In the last week, a local news warning about the sinkhole along the southbound lanes of Interstate 495 near Ward Hill was flagged as spam and removed by one social media site. Another blocked WHAV story was news of possible restoration of Haverhill’s 1845-era (gun) powder house. The tech giant behind these removals piles on with intimidation by writing “Repeatedly breaking our rules can cause more account restrictions.”

Even more mind-boggling, Coco writes, is that when the Haverhill Police Department attempted to share WHAV’s item on the sinkhole, Facebook removed that, too.

This is nothing new for Facebook. In “What Works in Community News,” the book that Ellen Clegg and I wrote, we tell the story of an emergency route during a wildfire that the sheriff’s department had shared with The Mendocino Voice in Northern California. The Voice posted it on its Facebook page, one of its primary distribution channels — and then watched in alarm as it disappeared. In the excerpt below, we talked with Kate Maxwell, then the publisher of the Voice, and Adrian Fernandez Baumann, then the editor:

The sheriff’s department asked the Voice to get the word out that people living in the national forest would run into danger if they tried to evacuate through the nearby community of Covelo. It was potentially lifesaving information, but Facebook took it down. “It had like a thousand shares in an hour,” said Maxwell. “Facebook flagged that post and deleted it.” The article was restored about a half-hour later following an uproar from the community. Maxwell said she never got a good explanation of what happened, even after talking with someone from Facebook at a conference. Maybe it was because the algorithms identified it as fake news. Maybe, as Baumann speculated, it was because the article included a reference to “Indian Dick Road.”

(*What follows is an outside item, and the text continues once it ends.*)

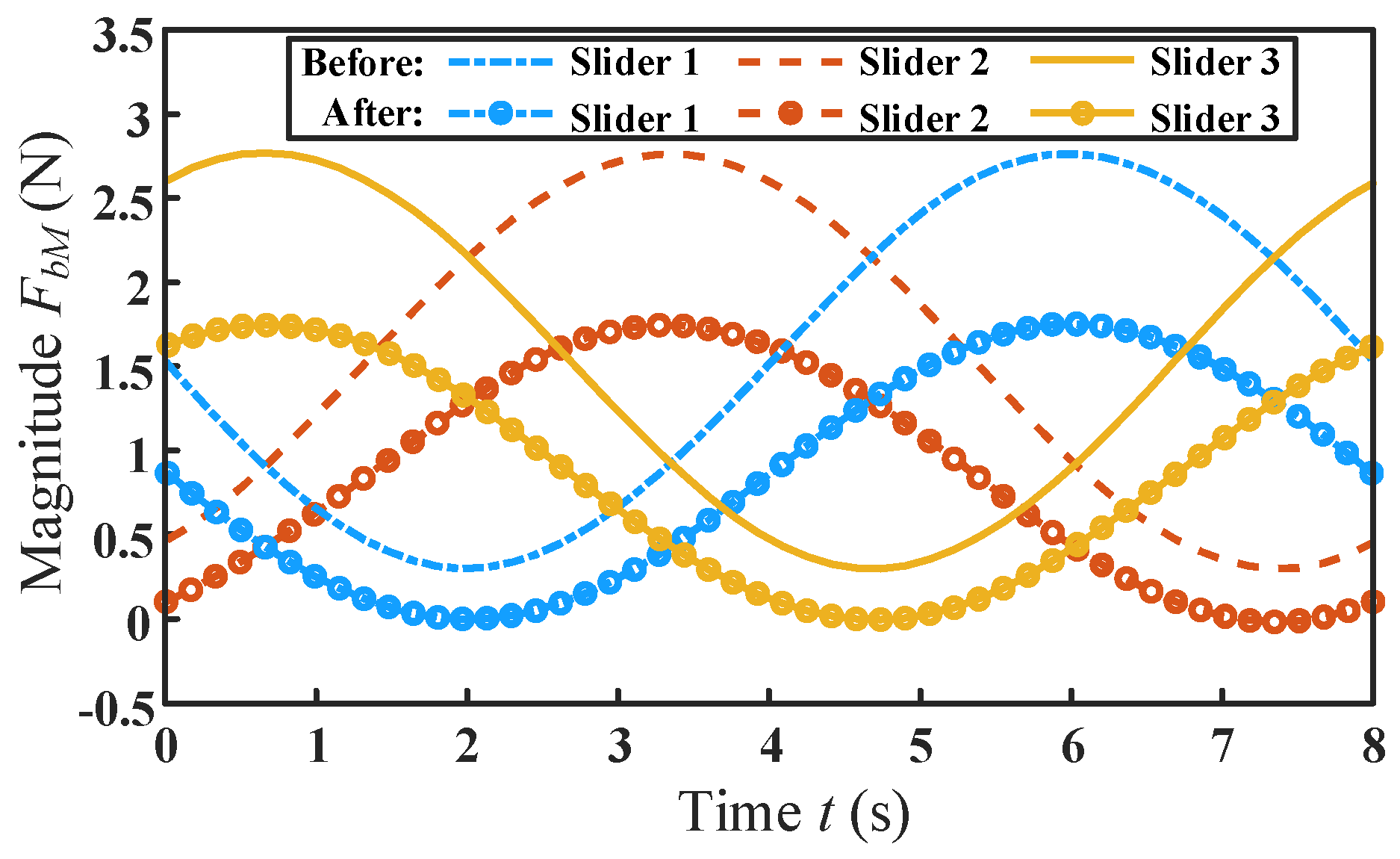 Micromachines 13 01457 g012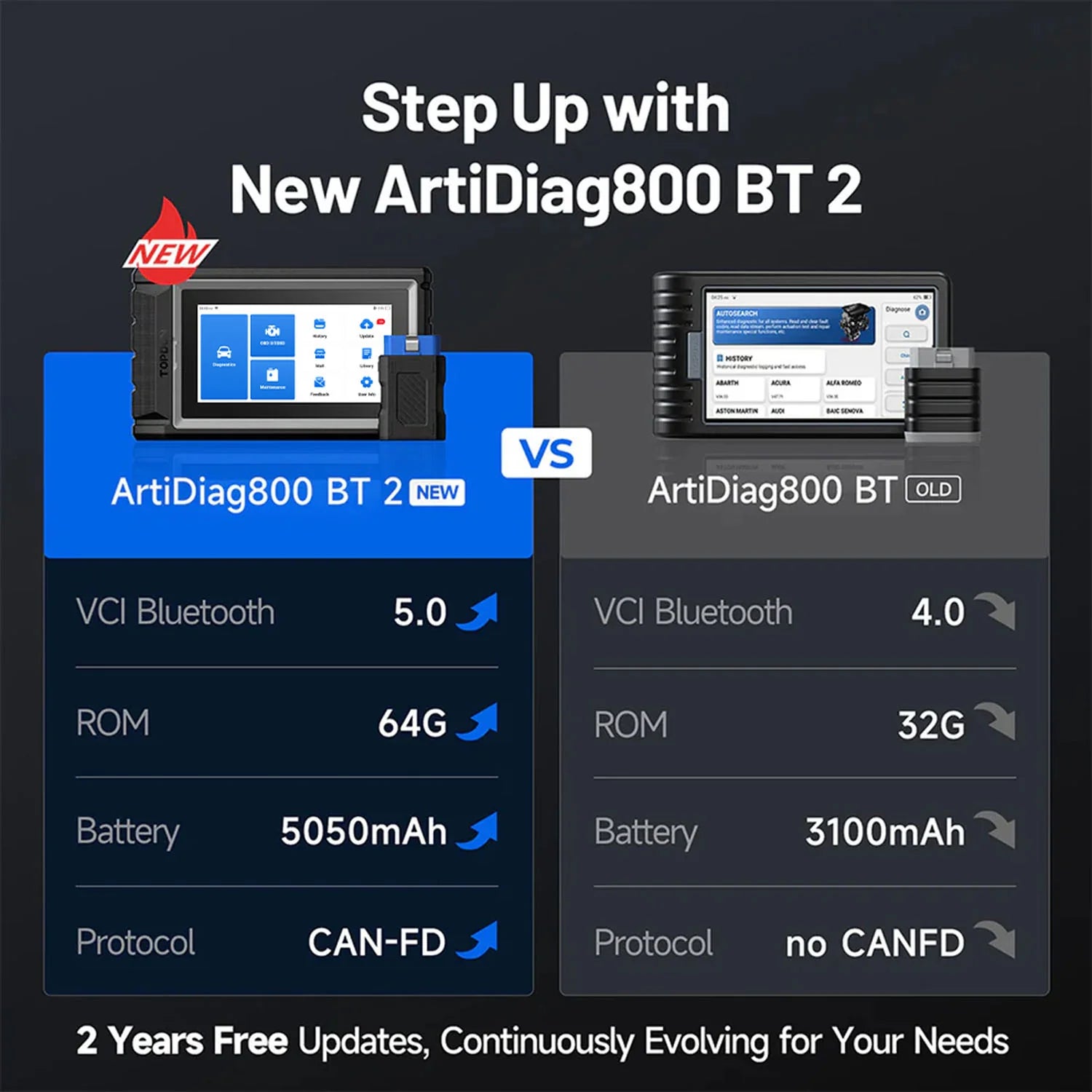 Topdon ArtiDiag800BT 2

Coco doesn’t identify Facebook as the culprit, but the screenshots that he posted are clearly from that platform. He’s asking his readers and listeners in the Haverhill area to stop relying on social media for WHAV stories and instead to subscribe directly to the news outlet’s daily email newsletter.

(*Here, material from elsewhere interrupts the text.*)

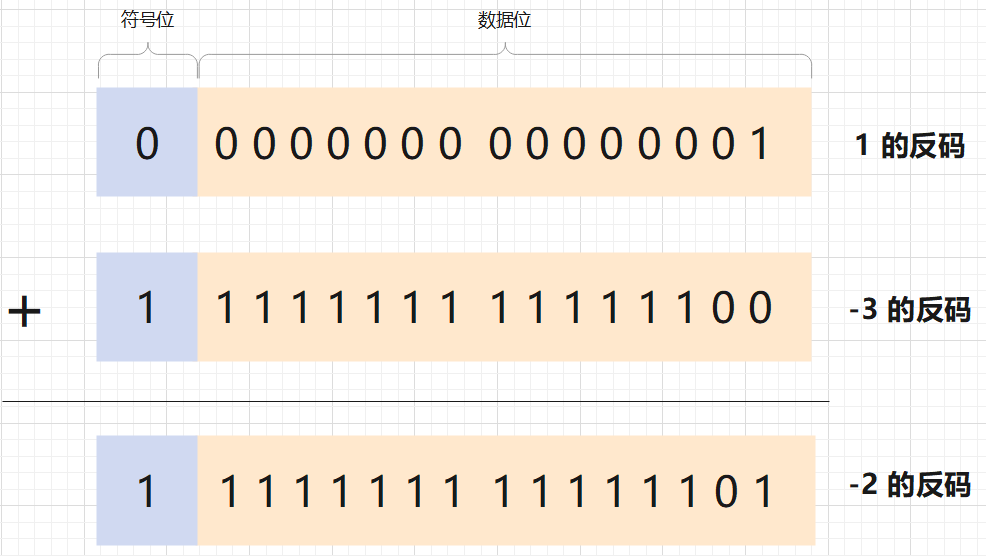 计算机中有哪些令人拍案叫绝的设计？w18.jpg
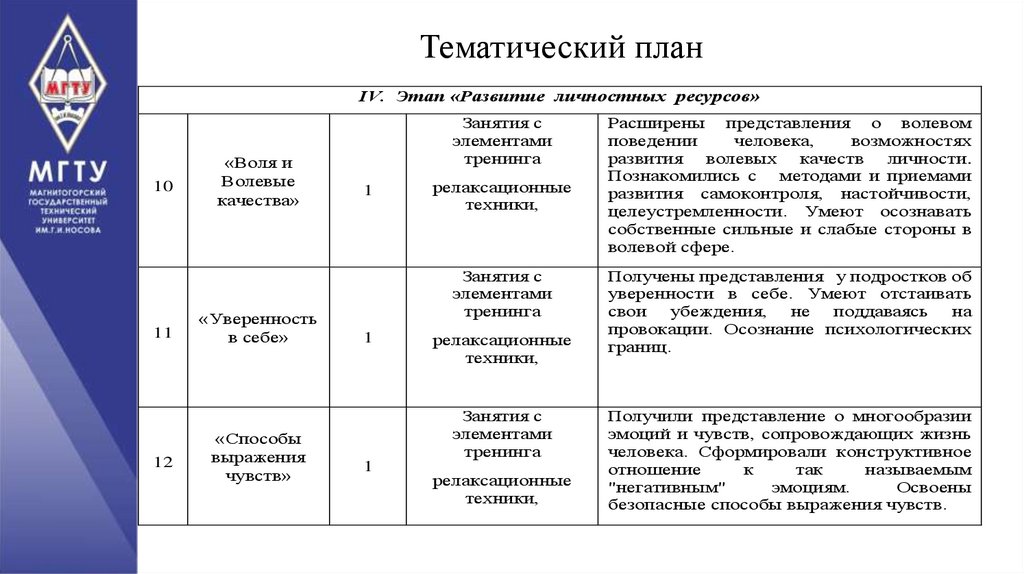 Тематический план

Coco, by the way, is in our book and has been a guest on the “What Works” podcast.

Facebook’s parent company, Meta, is also getting swamped with complaints about entirely harmless posts being removed from its Threads platform because of algorithmic decisions being made with no human involvement. I can speak from personal experience, too. Twice over the past year or so, I’ve responded to questions asking about great song lyrics, and I’ve gone with “I shot a man in Reno just to watch him die,” from Johnny Cash’s “Folsom Prison Blues.” Both time, my posts were removed from Facebook and Threads, and I was given a warning.

So let me repeat something I’ve said a number of times: News organizations should not rely on social media any more than absolutely necessary. Do what Coco is doing: Push newsletter subscriptions, because that’s a platform that you control and own.

The Mendo Voice goes nonprofit as co-founder Kate Maxwell moves on

Kate Maxwell working out of borrowed space in March 2020. Photo (cc) 2020 by Dan Kennedy.

There’s big news in the world of hyperlocal journalism this week: Kate Maxwell, the co-founder and publisher of The Mendocino Voice in Northern California, is moving on. The Voice, which is nominally a for-profit, is becoming part of the nonprofit Bay City News Foundation, which, according to an announcement on Tuesday, “will allow both organizations to expand the geographic reach and depth of their public service reporting.”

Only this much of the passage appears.